Rambunctious La Niña to Follow Docile El Niño

La Nina Brazil (Vagner Guarezi, Agencia Freelancer / Associated Press)
Vagner Guarezi, Agencia Freelancer / Associated Press

Overheated tropical waters in the Pacific are set to flip to a cooling phase that will say goodbye to the docile little boy called “El Niño” and prepare for his rambunctious little sister, “La Niña.”

Breitbart News reported in October that the planet was experiencing the most extreme El Niño conditions ever recorded in modern times, according to the National Oceanic and Atmospheric Administration Climate Prediction Center. With the super-heated surface temperatures in sections of the equatorial Pacific Ocean rising to an all-time-high of 10.8 degrees Fahrenheit above normal, the agency predicted a strong El Niño weather pattern would last through winter and then slowly weaken in late spring.

The cyclical Pacific warming trend interrupted and partially reversed prevailing westerly trade winds that normally blow from South America to Polynesia, turn up toward Japan, and then curl along Alaska and the West Coast.

El Niño conditions in 2015 led to an exceptional season of Pacific tropical windstorms and flooding in Europe, according to the “Global Catastrophe Review – 2015” published by Guy Carpenter & Co. insurance risk consultants.

Carpenter estimates that 2015 global weather losses plummeted to just $30.5 billion versus 10-year and 5-year moving averages of around $49.7 billion and $62.6 billion, respectively. Last year’s insurance payouts also marked the lowest total catastrophic weather claims since the 2009 El Niño, and far below the record 2011 La Niña insurance losses of $126 billion.

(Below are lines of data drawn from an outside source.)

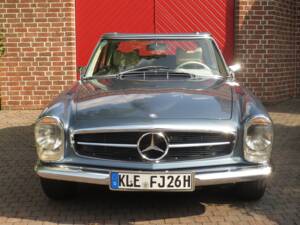 Image 7/38 de Mercedes-Benz 280 SL (1970)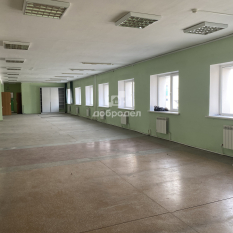 560.00 м² | 2 - 3 эт. 00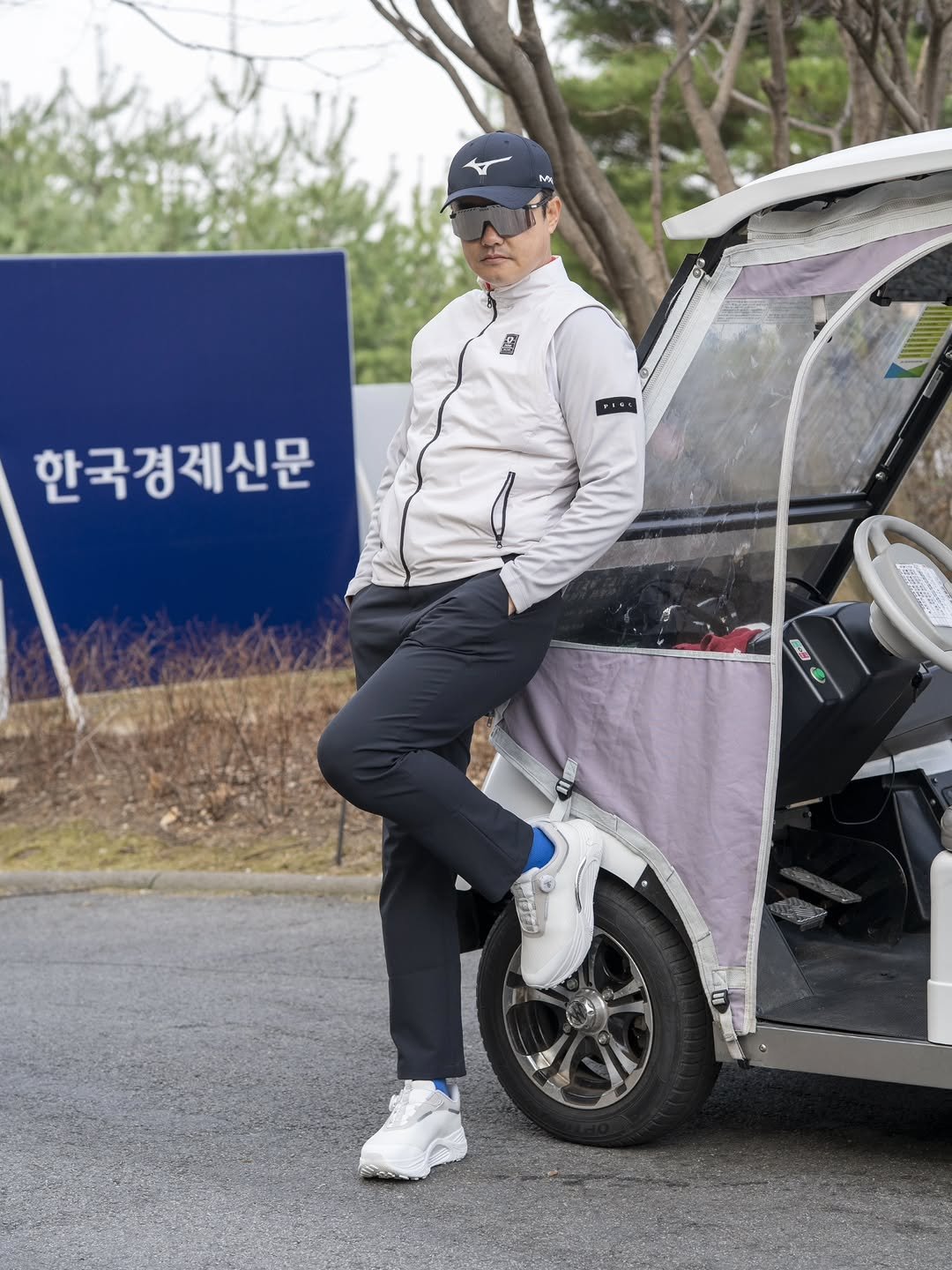 Photo shared by 신 정 균 on March 30, 2026 tagging @fortunehills_cc. May be an image of golf and text that says '비요 .٠٠٠ 한국경제신문 ต'.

The eastern two-thirds of the United States experienced a very mild 2015 winter. New Yorkers on Christmas Day were wearing shorts and headed to the beach in 72-degree weather, while Los Angeles surfers headed to local malls to buy sweaters in 59-degree weather.

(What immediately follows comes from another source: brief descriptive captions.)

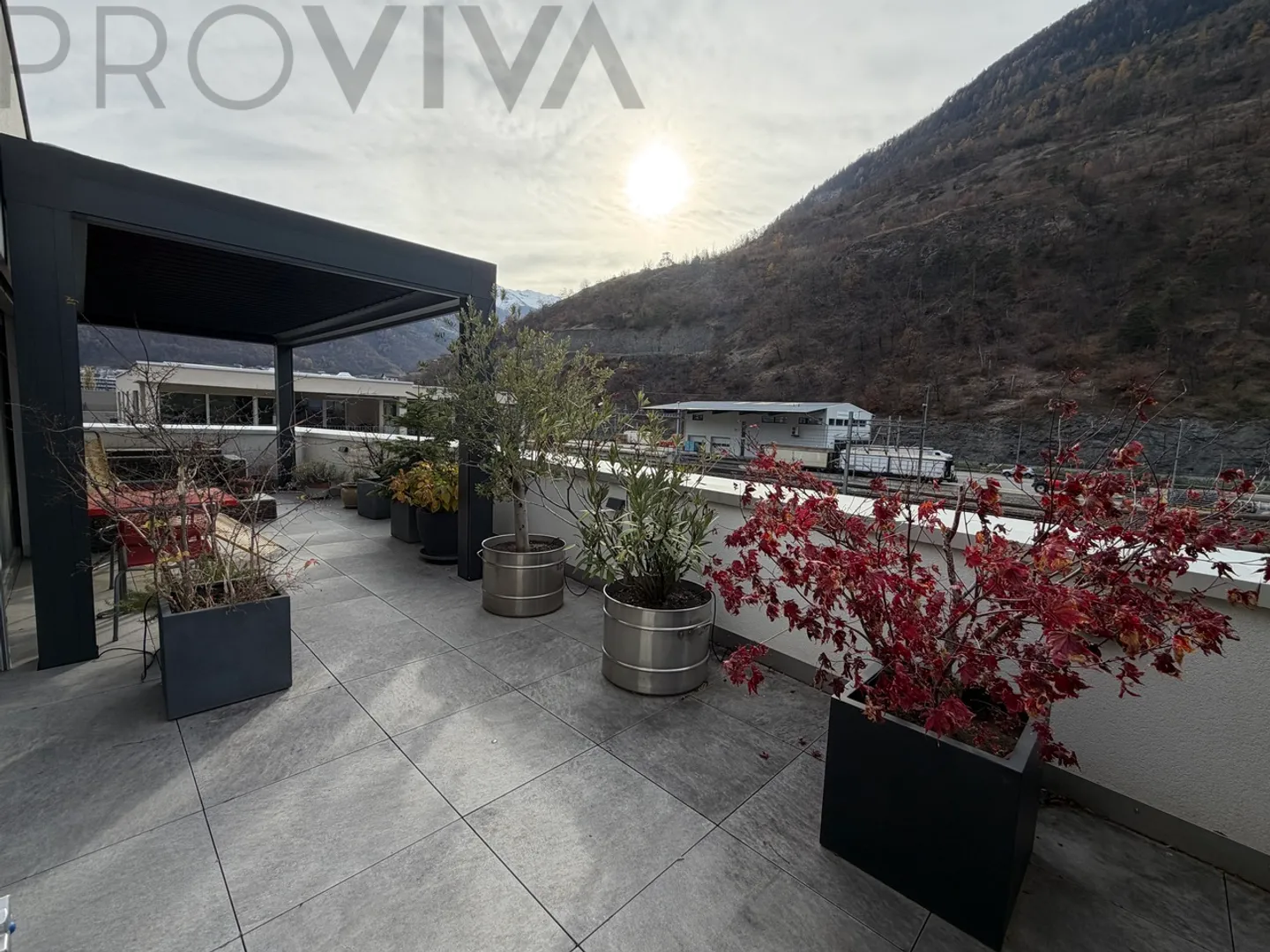 Vie luxueuse et intelligente - avec jardin d'hiver, balcon et terrasse - Photo 7 sur 9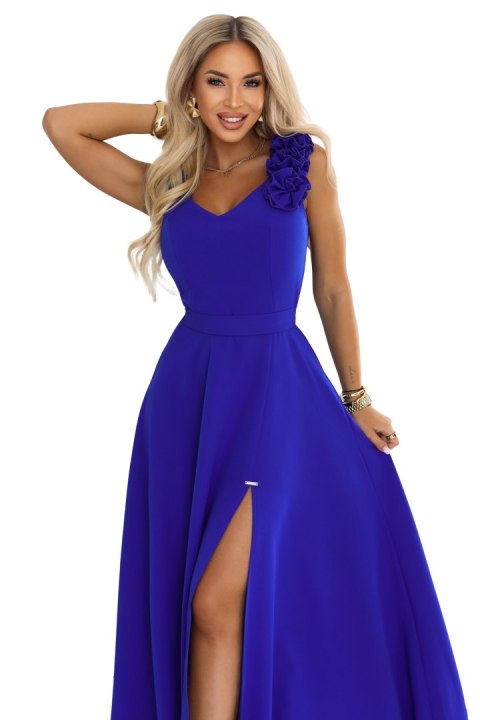 643-8 Elegancka wieczorowa suknia maxi z rozcięciem i różami - chabrowa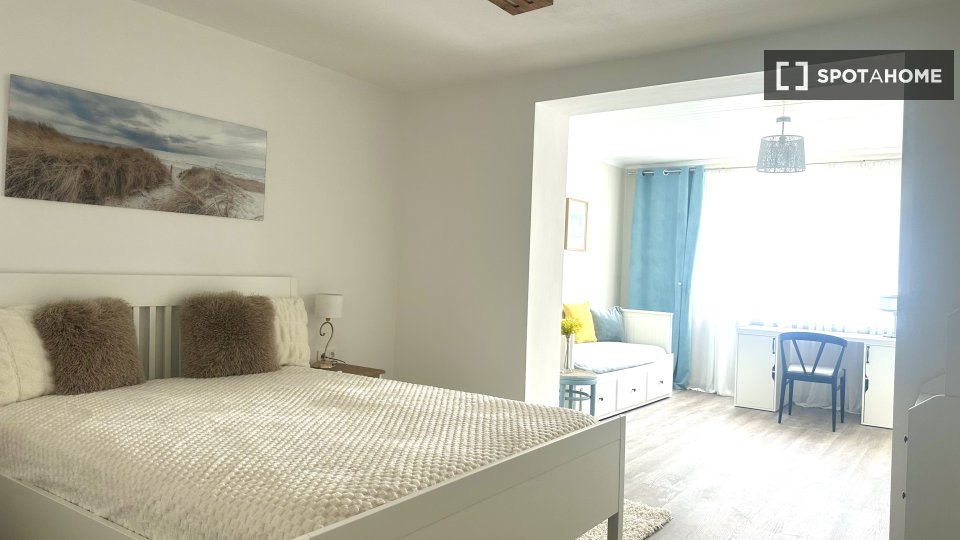 Double room Ljubljana, 3 beds, 90m² — photo 26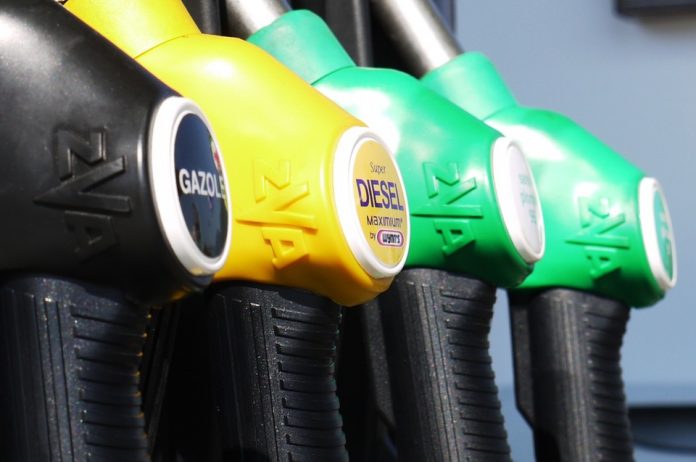 gasoline-175122_960_720-e336c42ab8dbd6562026ea347eb14d6e6e7b4fce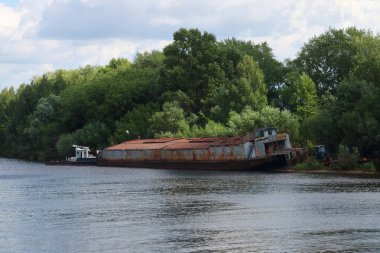 Nehir watrer, yalnız paslı kargo gemi dire straits çalılar arasında 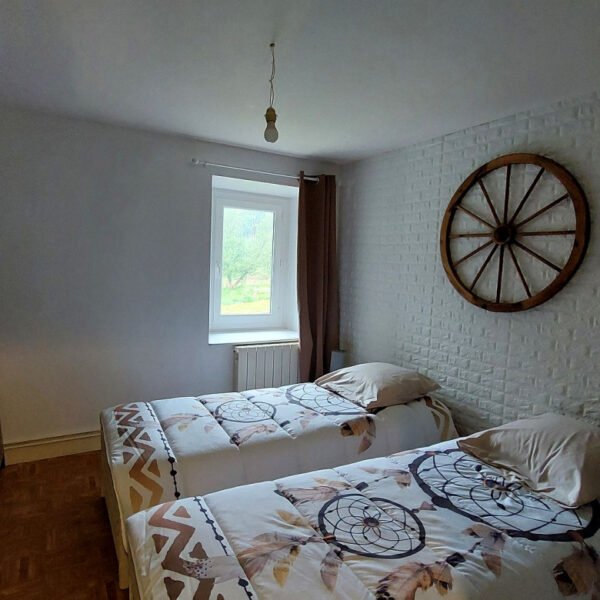 Chambre avec deux lits simples - Gîte Nesst - Corrèze - Plateau des Millevaches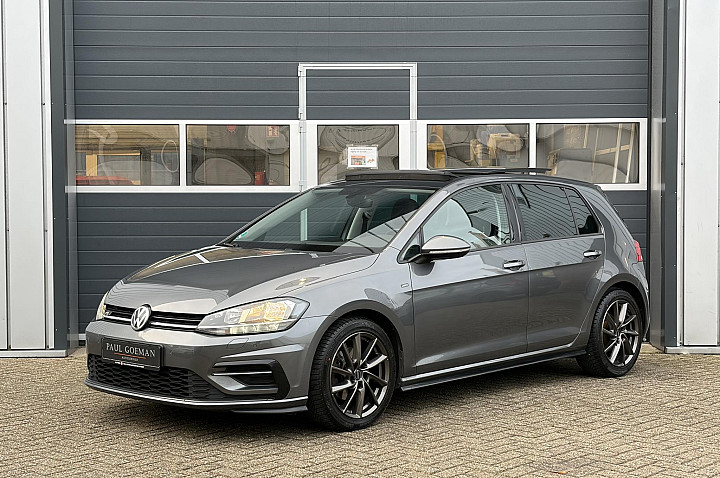 Volkswagen Golf 1.5 TSI Highline | R Line | Pano | Carplay | Parkeer sensoren |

Breitbart News reported that the 2015 El Niño caused a wide swath of drought-induced crop damage across Central America and the Caribbean, destroying roughly half the corn and a significant amount of the bean harvests. As a result, prices for basic food staples rose by 40 percent in what the U.N. Food and Agriculture Organization called an El Niño humanitarian crisis that left 1 million Guatemalans suffering from food deprivation.

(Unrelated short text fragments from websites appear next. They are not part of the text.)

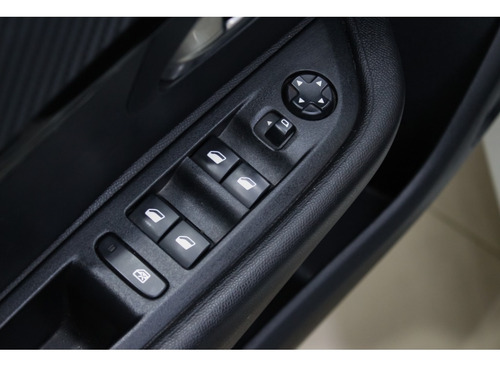 Peugeot 208 1.6 16V FLEX ACTIVE AT6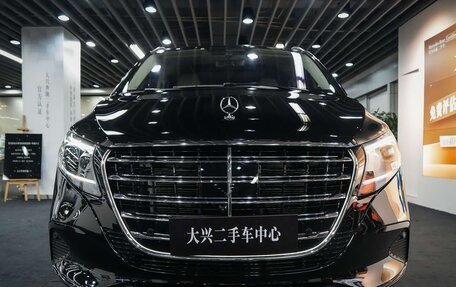 Mercedes-Benz V-Класс, 2025 год, 8 920 000 рублей, 13 фотография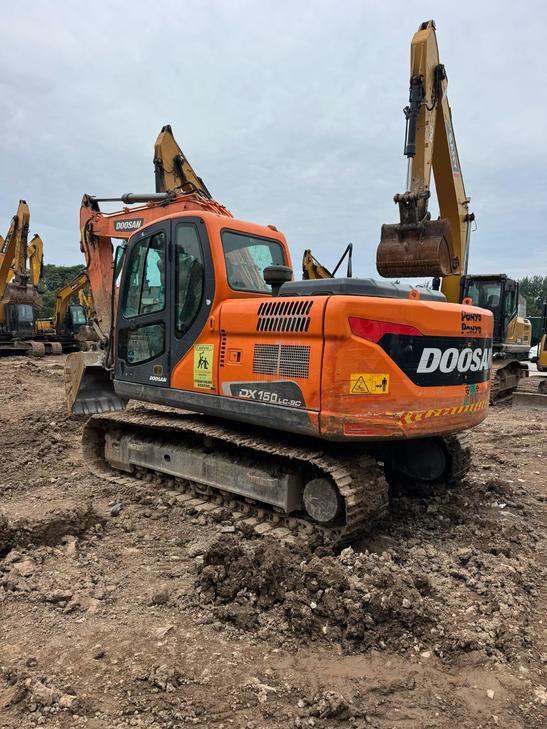 Buy Doosan S130W-3 Used Excavator / 1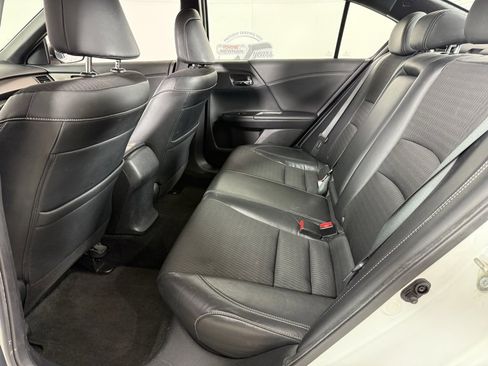 Used 2016 Honda Accord Sport image 7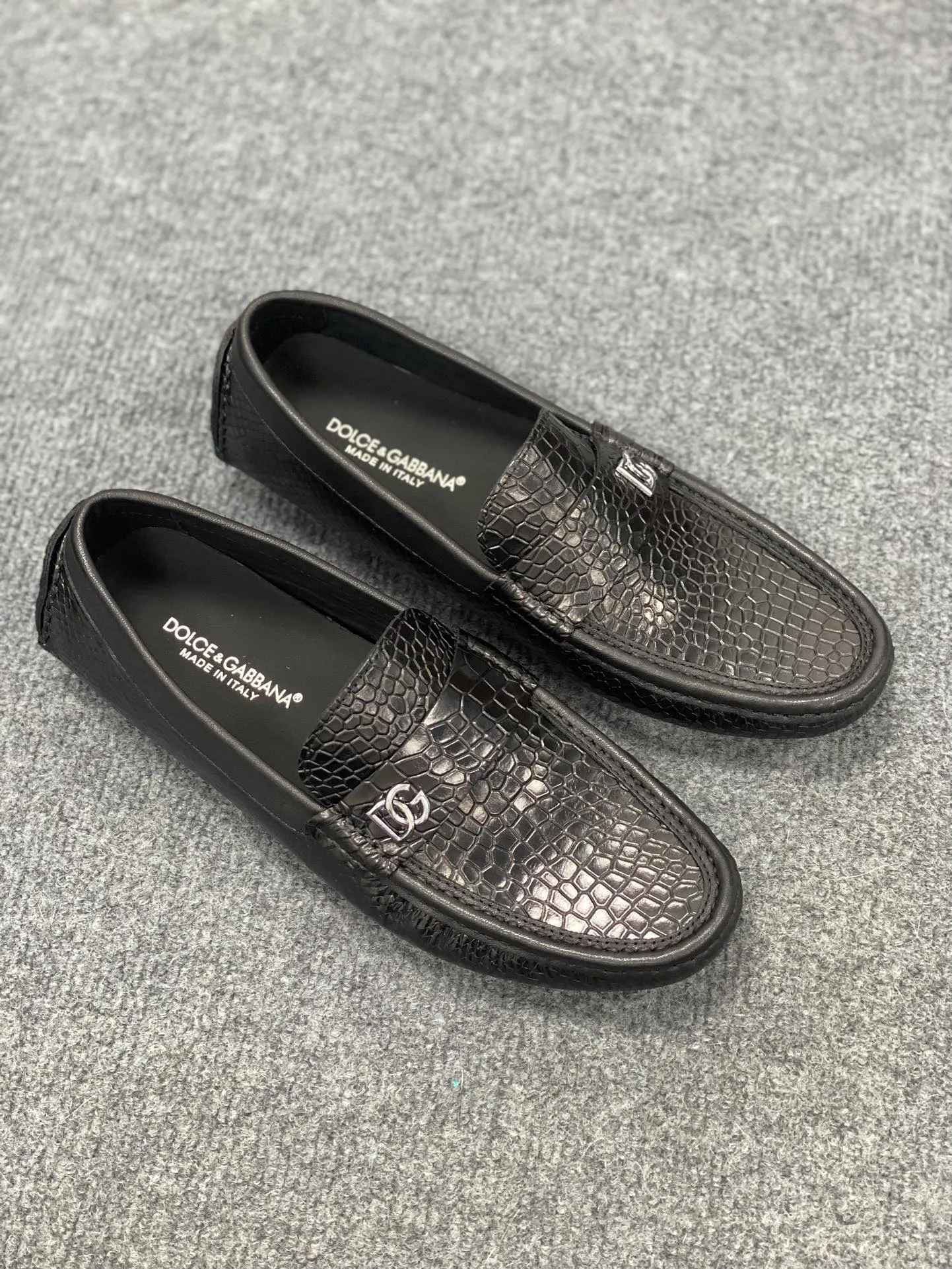 Men's Men's Shoes Men's Men's Shoes 💰700 new style "DG Duban Spring New Casual Driving Shoes" latest hot style, top brand luxury ~ purchasing agency, top quality ~.  The upper is made of imported original cowhide with fine workmanship. The original stylish and stylish soft rubber wear-resistant and non-slip outsole is light and comfortable on the feet. The real thing looks better in real life, 38-45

By contrast, the 2015 Atlantic hurricane season that ended on November 30 saw a substantially below-average number of “named” storms slamming the U.S. coasts. The biggest storm damage came from Tropical Storm Bill, a torrential rain-producing storm that made landfall in Texas on June 16 with top winds of 60 mph. Although Bill is blamed for four deaths, it only caused about $17.9 million in property damages.

Carl Torgersen of the California Department of Water Resources told CBS News that an El Niño “March Miracle” recently brought enough heavy West Coast rainfall to fill most Northern California’s lakes and reservoirs — such as Lake Oroville, which “is up 216 feet since December and 97 feet in the month of March alone.”

California still has a water storage deficit of 13 trillion gallons, but this year’s El Niño has produced the deepest snowpack in five years. With the El Niño rainy season lasting until late May and the snowmelt running until August, there is still an opportunity that California’s four-year drought could end this year.